As we were doing QA testing before rollout, I pulled up the site on an iPhone X, and noticed a tricky issue. The bottom bar that lets users skip to the recommendations looked fine initally, but looked broken if a user scrolled the page and collapsed the browser navigation. This is because on iOS, the renderable canvas of the browser extends underneath the thin black home indicator. Without being able to detect the presence of the browser navigation on these devices, I'd have to pick a padding value that looked good with the navigation collapsed and expanded.
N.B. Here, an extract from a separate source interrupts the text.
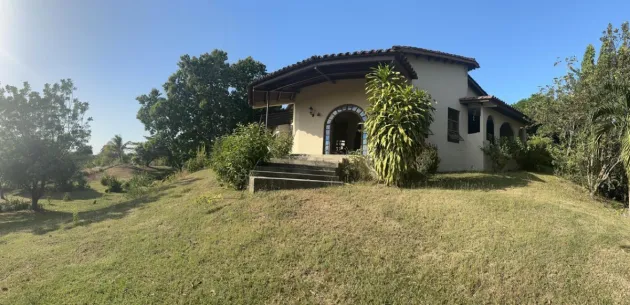 COUNTRY HOUSE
Bummer!

Advising m pinned recs
Advising m pinned recs spacing bad

But, in a moment of optimism, I thought, might there be a mechanism in the web platform to automatically adjust for cases like this? In fact, there was! It turns out, there is a CSS function env that can be used to select the size of the non-rectangular area in a screen. Amazing! What I needed here was env(safe-area-inset-bottom). I applied this code with a fallback:

.bottom-bar {
    /* ... */
    padding: 0.25rem 1.5rem 0.75rem;
    padding-bottom: calc(0.75rem + env(safe-area-inset-bottom));
}

And the results were fantastic! Chrome (or Safari) on iOS adjust the value of this variable depending on the navigation state, making this essentially a one-line fix. What a relief!

Advising m pinned recs
Advising m pinned recs spacing good

I'm really happy with how the tool turned out. With just a few questions, you can get meaningful personalized recommendatios for where would be best to allocate donations to progressive candidate and causes. Give it a try, and if you make a donation, let me know by tweet or email!